Frédéric Pajak : directeur artistique, éminence pas grise du tout d’une année qu’infusent l’éclat tendre des couleurs de Jean-Michel Folon, son humanisme lucide, sa simplicité follement inventive (ou l’inventivité faussement simple, n’importe, regardez cet inoubliable portrait d’Alain Robbe-Grillet !). Sans oublier l’intransigeance éloquente, ramassée et poignante de ces silhouettes humaines s’entêtant à persister, alors que tout, autour d’elles et sur les feuilles de celui à qui cette troisième édition du festival rend hommage, conspire contre leur existence même. Oui, c’est ainsi aussi, à travers ce genre d’énumération rêveuse autour d’un artiste, que flottent les pensées au fil de la succession des expositions.
Tel est donc l’état d’esprit arlésien : une espèce de vacance paradoxale de la perception, active et pourtant tout entière abandonnée aux suggestions plastiques de la saccade tremblée d’un dessin de Zadkine.
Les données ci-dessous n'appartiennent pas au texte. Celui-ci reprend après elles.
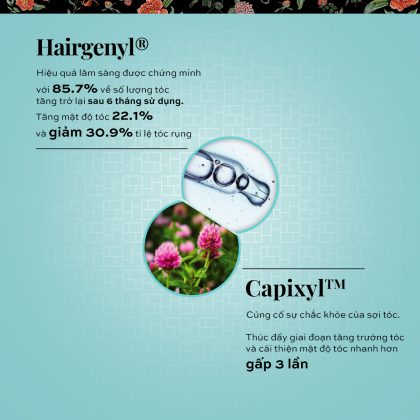Thành phần Hairgenyl và thành phần Capixyl trong DeeplyRooted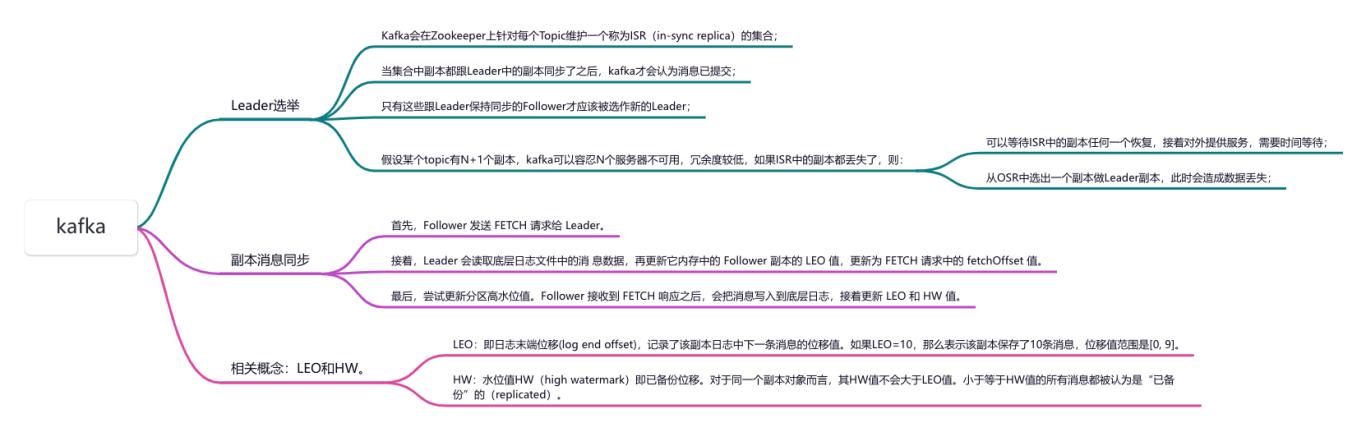 Kafka内幕：详解Leader选举与副本同步的那些事儿_数据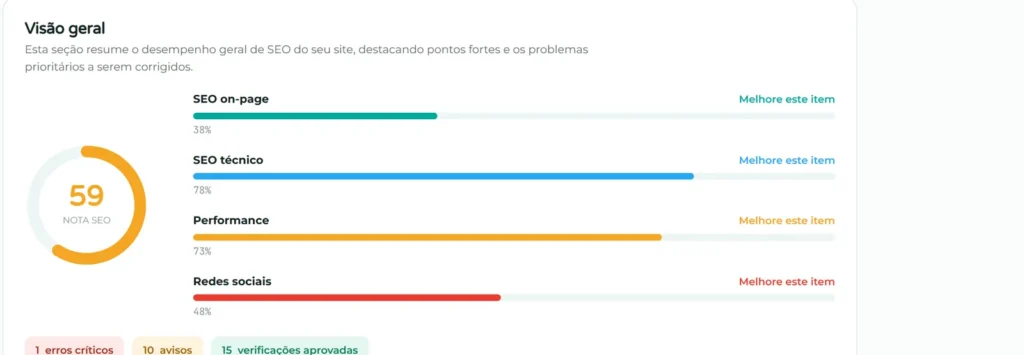 Painel de visão geral do PulseSEO mostrando a nota geral de SEO e as barras de SEO on-page, SEO técnico, performance e redes sociais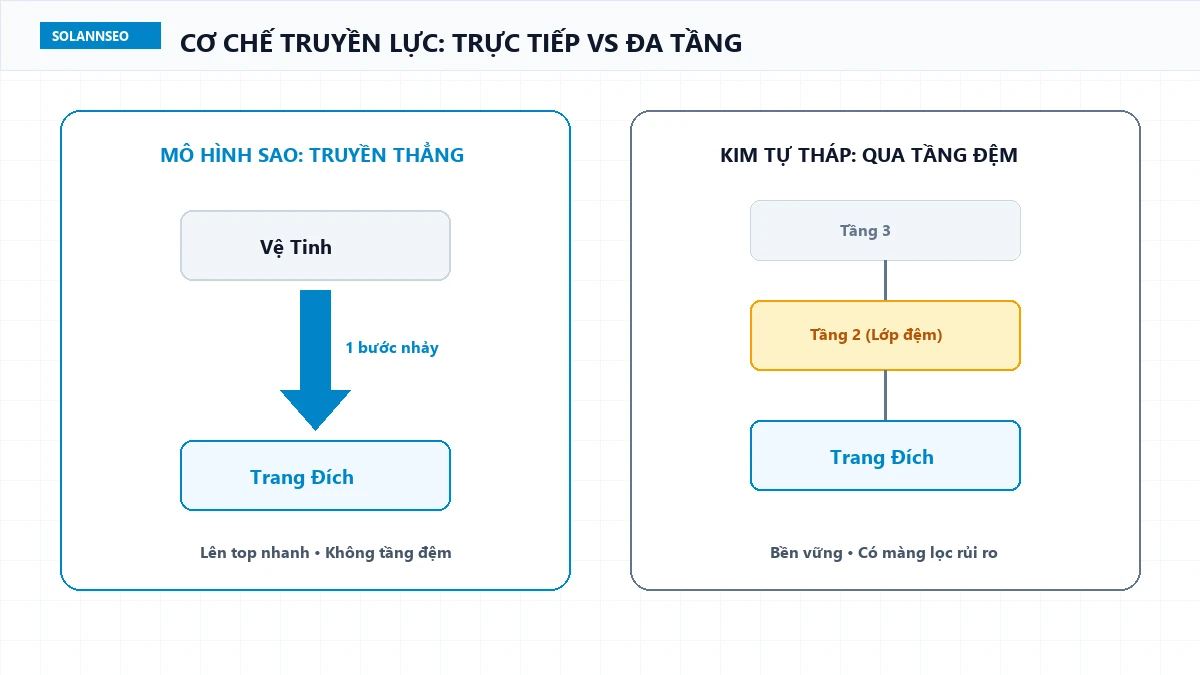 Sơ đồ dòng chảy truyền lực trực tiếp Direct Juice và điểm mù thiếu tầng đệm của mô hình ngôi sao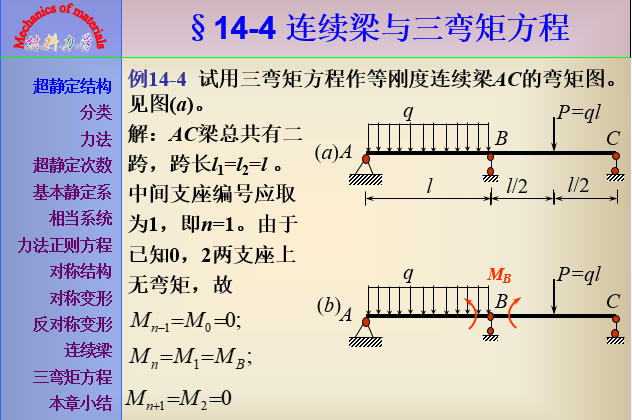 超静定结构-三弯矩方程例题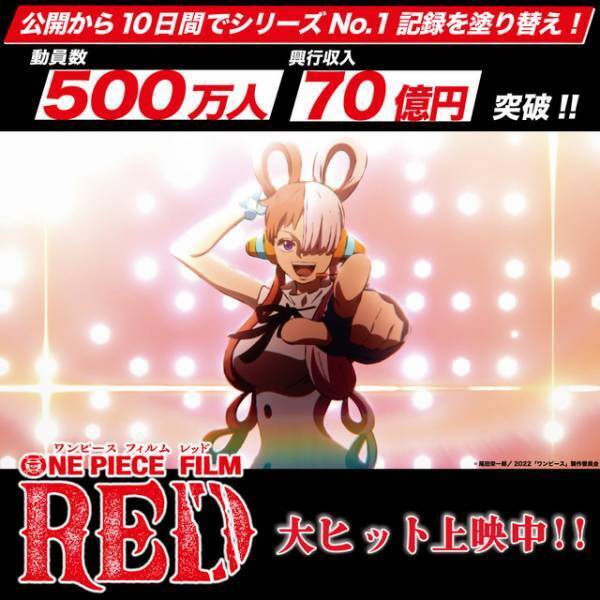 『ONE PIECE FILM RED』シリーズ史上最高を記録、70億円突破！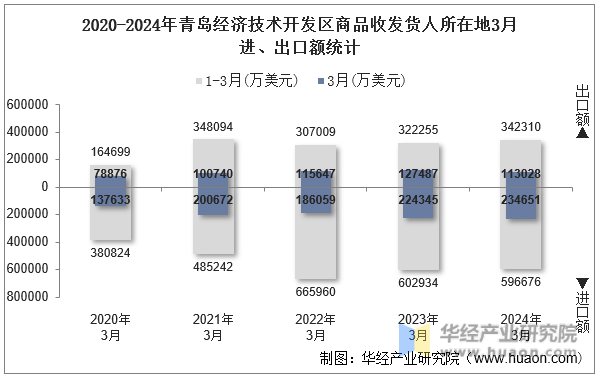2020-2024年青岛经济技术开发区商品收发货人所在地3月进、出口额统计
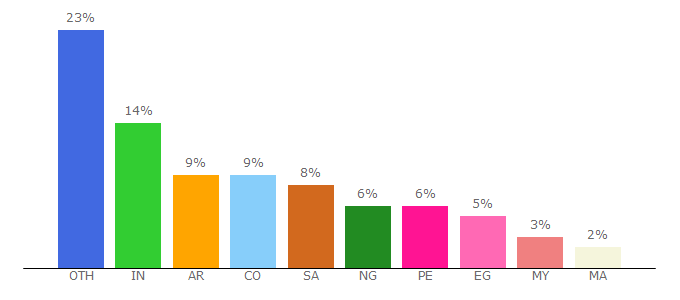 Top 10 Visitors Percentage By Countries for loveholidays.com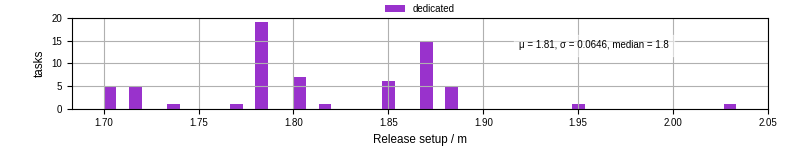 Time to set up release and initialize cms environment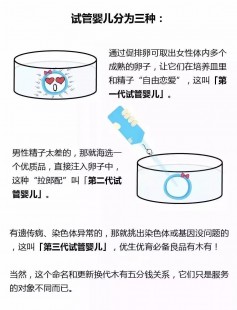 威海选择试管三代更好医院的诀窍!附详细费用构成!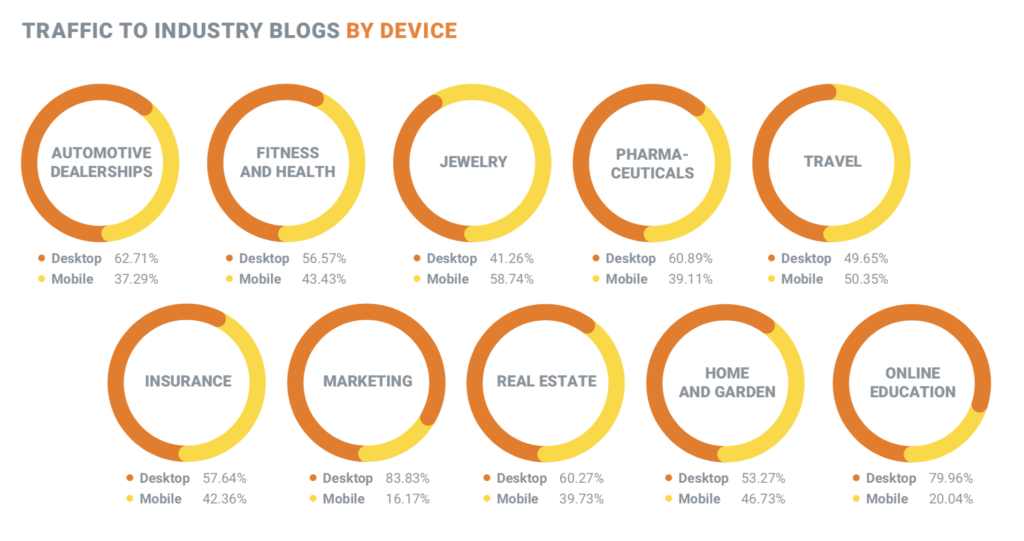 Traffic to Industry Blogs by Device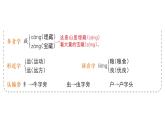 小学语文新部编版一年级下册第五单元识字5 动物儿歌作业课件2025春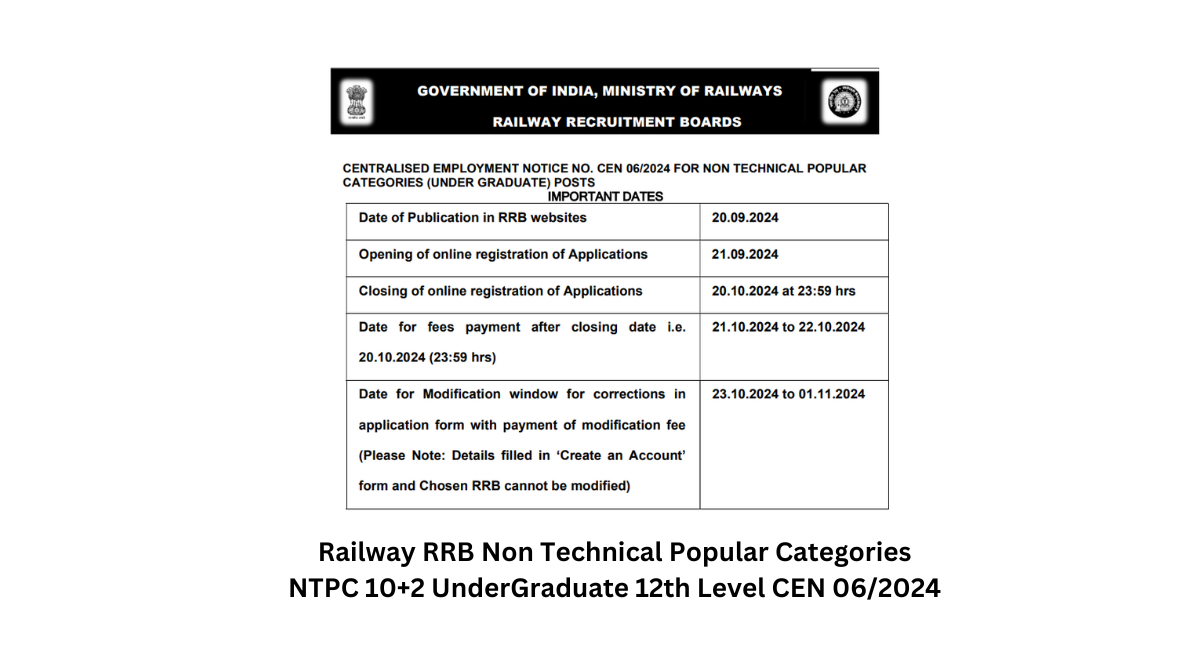 Railway Non Technical Popular Categories NTPC 10+2 Under Graduate Level Post Recruitment 2024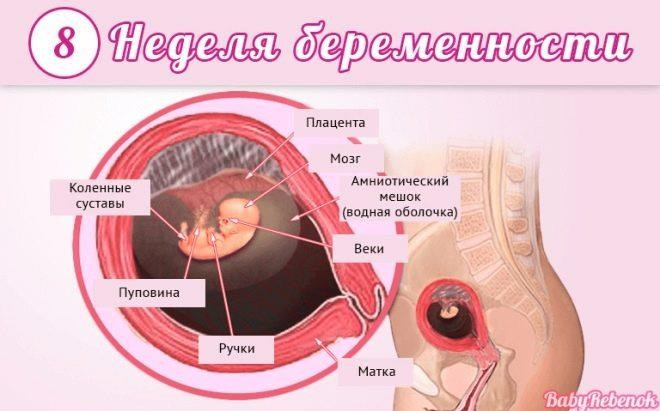 Боль при половом акте: причины возникновения и что делать?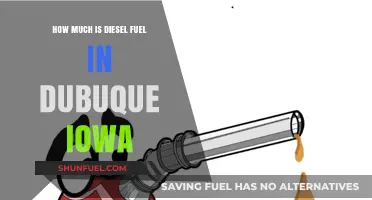 Diesel Fuel Prices in Dubuque, Iowa: Current Rates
Aux vigoureux balbutiements d’une forme en train de se recomposer chez Francine Simonin (une des découvertes de cette année, avec, dans un tout autre registre, l’expansion méticuleuse, la poussée irrésistible et scrupuleusement ramifiée des arbres de Gudrun von Maltzan). Aux genèses chaotiques des visages d’Alan Vega (oui, le Alan Vega des terroristes proto-punks de Suicide : qui n’a pas en tête l’imparable, la terrifiante pulsation de leur « Ghost Rider » ?).
Cet état si particulier, arlésien et festivalier, est propice au retour quasi obsessionnel, dans l’espace indéterminé qui sépare, chez le visiteur, rétine, cerveau et esprit (ou âme, comme vous voudrez), de motifs entêtants. Lesquels font leur apparition et leur réapparition de feuille en feuille, enjambant siècles et continents, naissant aussi bien du plissement du sein d’une merveilleuse maternité au miroir d’une estampe d’Utamaro que d’un pastel sec de 2023 de Lou Cohen (encore une découverte : compositions liquides et denses, crades et violemment intelligentes).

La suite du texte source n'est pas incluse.